▸ **Stored items**
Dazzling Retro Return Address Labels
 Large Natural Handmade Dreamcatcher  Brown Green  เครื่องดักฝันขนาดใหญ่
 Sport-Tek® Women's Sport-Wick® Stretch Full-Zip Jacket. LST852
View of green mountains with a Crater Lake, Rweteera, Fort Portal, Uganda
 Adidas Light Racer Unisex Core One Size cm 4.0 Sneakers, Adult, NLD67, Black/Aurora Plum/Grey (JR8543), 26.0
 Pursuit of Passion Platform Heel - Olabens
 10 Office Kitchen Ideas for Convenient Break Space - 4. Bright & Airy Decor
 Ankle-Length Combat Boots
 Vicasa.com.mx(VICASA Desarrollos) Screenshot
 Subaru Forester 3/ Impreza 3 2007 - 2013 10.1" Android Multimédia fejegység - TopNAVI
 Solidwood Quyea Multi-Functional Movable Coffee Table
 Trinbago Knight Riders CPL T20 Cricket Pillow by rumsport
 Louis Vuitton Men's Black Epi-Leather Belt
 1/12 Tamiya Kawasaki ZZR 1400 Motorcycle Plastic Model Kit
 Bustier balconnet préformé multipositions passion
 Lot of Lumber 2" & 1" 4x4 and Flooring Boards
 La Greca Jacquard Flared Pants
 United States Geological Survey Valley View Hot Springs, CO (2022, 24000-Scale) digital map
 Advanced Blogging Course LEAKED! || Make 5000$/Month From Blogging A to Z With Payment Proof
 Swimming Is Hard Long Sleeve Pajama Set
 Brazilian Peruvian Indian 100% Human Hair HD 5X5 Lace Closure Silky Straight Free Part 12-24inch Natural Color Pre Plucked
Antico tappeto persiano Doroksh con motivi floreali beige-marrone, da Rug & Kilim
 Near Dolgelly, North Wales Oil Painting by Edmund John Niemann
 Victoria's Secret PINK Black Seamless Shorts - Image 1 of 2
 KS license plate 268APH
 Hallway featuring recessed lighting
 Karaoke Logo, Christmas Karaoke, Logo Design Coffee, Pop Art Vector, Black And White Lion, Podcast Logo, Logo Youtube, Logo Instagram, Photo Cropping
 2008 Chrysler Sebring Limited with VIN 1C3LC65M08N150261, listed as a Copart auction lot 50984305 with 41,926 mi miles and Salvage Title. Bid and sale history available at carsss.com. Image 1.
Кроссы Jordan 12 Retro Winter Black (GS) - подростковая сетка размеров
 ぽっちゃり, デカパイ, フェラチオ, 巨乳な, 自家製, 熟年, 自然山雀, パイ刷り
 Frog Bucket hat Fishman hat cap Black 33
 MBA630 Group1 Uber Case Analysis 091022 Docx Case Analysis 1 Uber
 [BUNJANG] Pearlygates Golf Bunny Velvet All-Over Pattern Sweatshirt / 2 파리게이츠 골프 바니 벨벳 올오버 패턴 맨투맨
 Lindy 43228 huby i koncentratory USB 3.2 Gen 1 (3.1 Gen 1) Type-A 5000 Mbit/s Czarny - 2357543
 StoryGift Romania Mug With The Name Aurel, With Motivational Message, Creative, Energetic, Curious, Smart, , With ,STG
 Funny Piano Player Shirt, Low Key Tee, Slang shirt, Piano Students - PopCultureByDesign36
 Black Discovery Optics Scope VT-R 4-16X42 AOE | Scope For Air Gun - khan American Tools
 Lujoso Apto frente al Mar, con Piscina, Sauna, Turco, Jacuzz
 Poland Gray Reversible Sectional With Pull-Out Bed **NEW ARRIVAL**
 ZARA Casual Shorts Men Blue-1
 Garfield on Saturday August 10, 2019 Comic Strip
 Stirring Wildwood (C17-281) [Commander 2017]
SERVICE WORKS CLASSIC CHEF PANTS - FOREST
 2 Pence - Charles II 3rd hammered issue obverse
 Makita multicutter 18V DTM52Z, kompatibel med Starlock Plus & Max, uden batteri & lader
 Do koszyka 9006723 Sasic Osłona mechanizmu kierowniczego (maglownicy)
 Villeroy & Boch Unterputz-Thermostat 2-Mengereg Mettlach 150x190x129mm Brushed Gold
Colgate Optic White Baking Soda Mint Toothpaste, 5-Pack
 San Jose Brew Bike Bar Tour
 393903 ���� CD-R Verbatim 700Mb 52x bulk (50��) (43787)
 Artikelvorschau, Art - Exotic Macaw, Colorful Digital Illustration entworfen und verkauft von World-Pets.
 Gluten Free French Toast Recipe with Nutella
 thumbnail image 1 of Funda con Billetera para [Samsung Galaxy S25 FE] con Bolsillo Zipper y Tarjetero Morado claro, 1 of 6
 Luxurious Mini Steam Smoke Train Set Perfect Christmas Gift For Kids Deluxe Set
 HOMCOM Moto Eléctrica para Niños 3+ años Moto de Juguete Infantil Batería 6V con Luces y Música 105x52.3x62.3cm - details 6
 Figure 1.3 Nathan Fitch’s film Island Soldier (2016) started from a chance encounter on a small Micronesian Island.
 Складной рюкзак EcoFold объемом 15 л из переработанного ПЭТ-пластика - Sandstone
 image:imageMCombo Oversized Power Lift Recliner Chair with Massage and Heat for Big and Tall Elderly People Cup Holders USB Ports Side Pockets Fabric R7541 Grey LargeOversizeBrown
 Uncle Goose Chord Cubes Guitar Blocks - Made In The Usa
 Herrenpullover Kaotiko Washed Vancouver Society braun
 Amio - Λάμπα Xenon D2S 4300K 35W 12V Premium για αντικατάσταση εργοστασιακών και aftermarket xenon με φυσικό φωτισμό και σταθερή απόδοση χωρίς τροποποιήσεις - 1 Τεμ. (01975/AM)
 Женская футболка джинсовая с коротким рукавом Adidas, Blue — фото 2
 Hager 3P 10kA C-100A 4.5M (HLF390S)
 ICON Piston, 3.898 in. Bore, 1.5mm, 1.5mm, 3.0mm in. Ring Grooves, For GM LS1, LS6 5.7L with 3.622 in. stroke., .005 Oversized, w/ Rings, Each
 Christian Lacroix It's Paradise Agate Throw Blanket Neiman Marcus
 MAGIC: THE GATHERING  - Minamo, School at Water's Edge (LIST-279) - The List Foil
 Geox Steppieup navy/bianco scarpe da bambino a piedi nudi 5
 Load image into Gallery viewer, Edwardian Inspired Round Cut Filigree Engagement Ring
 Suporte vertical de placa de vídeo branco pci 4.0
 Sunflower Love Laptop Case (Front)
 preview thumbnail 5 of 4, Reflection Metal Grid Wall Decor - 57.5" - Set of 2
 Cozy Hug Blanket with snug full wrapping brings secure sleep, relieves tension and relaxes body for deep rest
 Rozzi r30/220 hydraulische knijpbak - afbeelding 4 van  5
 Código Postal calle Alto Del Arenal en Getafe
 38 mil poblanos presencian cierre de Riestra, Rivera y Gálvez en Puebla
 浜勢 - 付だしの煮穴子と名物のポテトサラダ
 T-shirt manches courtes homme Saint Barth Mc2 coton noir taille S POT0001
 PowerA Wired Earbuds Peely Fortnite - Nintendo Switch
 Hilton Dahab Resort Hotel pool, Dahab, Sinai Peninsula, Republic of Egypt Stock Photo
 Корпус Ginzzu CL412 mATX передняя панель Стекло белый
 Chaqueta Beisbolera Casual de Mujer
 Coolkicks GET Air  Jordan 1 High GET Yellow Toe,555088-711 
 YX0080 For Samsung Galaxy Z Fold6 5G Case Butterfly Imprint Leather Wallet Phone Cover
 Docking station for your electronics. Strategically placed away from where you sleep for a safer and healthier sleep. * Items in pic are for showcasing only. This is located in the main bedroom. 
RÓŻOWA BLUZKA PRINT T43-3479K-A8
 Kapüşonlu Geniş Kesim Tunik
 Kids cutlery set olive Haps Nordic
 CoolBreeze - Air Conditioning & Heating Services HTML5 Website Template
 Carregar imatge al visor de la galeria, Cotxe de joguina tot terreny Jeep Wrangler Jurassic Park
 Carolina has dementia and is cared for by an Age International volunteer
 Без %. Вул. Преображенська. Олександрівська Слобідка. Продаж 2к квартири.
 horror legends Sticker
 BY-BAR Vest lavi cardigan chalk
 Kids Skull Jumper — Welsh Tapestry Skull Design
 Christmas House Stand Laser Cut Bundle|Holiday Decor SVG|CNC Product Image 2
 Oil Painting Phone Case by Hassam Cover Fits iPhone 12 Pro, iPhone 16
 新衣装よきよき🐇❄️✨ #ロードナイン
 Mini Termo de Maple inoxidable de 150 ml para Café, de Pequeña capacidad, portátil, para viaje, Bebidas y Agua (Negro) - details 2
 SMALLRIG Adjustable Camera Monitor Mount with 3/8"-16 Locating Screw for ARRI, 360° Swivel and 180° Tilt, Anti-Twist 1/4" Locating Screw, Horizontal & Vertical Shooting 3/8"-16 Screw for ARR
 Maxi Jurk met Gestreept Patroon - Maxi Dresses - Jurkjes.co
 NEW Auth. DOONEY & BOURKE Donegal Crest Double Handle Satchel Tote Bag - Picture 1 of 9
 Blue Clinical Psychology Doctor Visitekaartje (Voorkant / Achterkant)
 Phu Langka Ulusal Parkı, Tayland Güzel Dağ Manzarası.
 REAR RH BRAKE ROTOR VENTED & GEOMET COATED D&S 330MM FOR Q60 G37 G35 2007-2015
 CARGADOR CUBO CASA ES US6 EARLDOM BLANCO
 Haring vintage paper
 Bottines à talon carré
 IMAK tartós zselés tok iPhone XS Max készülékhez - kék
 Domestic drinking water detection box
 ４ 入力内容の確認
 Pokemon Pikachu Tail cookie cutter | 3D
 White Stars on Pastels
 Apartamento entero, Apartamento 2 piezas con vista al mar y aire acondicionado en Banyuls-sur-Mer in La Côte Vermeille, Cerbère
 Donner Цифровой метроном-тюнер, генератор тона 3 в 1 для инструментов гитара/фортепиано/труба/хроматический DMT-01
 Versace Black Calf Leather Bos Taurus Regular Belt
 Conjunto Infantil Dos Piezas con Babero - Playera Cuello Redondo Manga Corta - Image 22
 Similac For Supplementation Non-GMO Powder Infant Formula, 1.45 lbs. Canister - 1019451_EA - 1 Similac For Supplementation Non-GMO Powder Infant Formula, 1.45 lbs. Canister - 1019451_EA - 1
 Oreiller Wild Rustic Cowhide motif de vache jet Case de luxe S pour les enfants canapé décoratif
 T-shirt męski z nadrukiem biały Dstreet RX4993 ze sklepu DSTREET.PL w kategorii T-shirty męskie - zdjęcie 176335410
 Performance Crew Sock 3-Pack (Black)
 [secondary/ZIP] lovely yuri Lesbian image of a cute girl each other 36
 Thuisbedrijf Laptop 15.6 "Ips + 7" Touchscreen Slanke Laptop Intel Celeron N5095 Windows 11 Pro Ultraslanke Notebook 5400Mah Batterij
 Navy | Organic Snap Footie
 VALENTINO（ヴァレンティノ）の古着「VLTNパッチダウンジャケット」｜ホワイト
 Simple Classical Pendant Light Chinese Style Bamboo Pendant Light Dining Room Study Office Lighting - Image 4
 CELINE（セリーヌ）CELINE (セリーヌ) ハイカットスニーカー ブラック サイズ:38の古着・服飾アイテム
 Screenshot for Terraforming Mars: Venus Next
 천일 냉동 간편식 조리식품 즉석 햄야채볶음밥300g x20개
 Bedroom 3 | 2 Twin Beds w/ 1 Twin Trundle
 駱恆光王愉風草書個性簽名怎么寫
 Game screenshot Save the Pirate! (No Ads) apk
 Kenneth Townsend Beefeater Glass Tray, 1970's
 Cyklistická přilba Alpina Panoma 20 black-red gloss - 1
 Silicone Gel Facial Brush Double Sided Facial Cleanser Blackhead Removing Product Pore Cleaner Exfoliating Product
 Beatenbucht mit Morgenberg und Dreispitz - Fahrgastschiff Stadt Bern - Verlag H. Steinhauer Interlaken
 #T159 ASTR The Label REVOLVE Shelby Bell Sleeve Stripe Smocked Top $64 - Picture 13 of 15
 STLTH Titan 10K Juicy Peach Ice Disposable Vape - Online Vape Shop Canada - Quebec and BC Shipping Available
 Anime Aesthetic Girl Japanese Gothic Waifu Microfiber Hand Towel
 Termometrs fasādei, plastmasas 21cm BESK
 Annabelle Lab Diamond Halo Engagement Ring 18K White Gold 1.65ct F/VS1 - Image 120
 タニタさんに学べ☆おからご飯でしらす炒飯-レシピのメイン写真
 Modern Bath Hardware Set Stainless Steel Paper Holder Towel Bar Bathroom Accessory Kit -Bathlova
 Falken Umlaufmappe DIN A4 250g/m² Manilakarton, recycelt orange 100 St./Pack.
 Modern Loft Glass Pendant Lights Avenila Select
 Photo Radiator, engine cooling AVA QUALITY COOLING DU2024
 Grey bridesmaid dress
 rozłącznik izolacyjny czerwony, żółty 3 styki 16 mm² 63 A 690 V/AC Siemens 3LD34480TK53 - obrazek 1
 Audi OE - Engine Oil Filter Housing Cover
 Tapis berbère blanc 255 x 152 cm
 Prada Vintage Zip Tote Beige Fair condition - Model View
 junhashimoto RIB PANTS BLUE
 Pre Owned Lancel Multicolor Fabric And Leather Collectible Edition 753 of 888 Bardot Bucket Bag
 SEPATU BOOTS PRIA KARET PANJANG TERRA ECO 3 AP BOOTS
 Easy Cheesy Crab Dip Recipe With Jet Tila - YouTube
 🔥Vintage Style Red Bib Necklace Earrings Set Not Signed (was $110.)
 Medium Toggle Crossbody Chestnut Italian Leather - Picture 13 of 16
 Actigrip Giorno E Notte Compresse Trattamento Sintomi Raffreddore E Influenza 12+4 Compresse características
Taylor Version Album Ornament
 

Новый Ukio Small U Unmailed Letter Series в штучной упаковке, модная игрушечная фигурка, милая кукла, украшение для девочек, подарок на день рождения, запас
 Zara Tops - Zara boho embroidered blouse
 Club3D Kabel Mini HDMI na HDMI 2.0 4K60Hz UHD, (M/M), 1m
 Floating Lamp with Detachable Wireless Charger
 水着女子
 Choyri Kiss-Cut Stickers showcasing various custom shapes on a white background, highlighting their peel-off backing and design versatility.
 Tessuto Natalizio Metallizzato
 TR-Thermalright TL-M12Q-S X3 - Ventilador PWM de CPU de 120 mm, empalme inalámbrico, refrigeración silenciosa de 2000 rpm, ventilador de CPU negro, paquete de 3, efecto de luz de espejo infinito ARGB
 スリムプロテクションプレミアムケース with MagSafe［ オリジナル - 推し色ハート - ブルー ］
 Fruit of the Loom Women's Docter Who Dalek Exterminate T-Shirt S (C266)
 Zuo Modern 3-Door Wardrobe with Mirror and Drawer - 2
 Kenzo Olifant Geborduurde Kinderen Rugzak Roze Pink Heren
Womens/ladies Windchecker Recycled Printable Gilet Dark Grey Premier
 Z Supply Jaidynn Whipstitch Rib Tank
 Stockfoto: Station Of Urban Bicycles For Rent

▸ **THE TASK**
With the line holding "preview thumbnail 5" as the first and the line holding "T-shirt manches courtes" as the last, set down that range of the entries above exactly, and nothing else.

▸ **TASK SOLUTION**
 preview thumbnail 5 of 4, Reflection Metal Grid Wall Decor - 57.5" - Set of 2
 Cozy Hug Blanket with snug full wrapping brings secure sleep, relieves tension and relaxes body for deep rest
 Rozzi r30/220 hydraulische knijpbak - afbeelding 4 van  5
 Código Postal calle Alto Del Arenal en Getafe
 38 mil poblanos presencian cierre de Riestra, Rivera y Gálvez en Puebla
 浜勢 - 付だしの煮穴子と名物のポテトサラダ
 T-shirt manches courtes homme Saint Barth Mc2 coton noir taille S POT0001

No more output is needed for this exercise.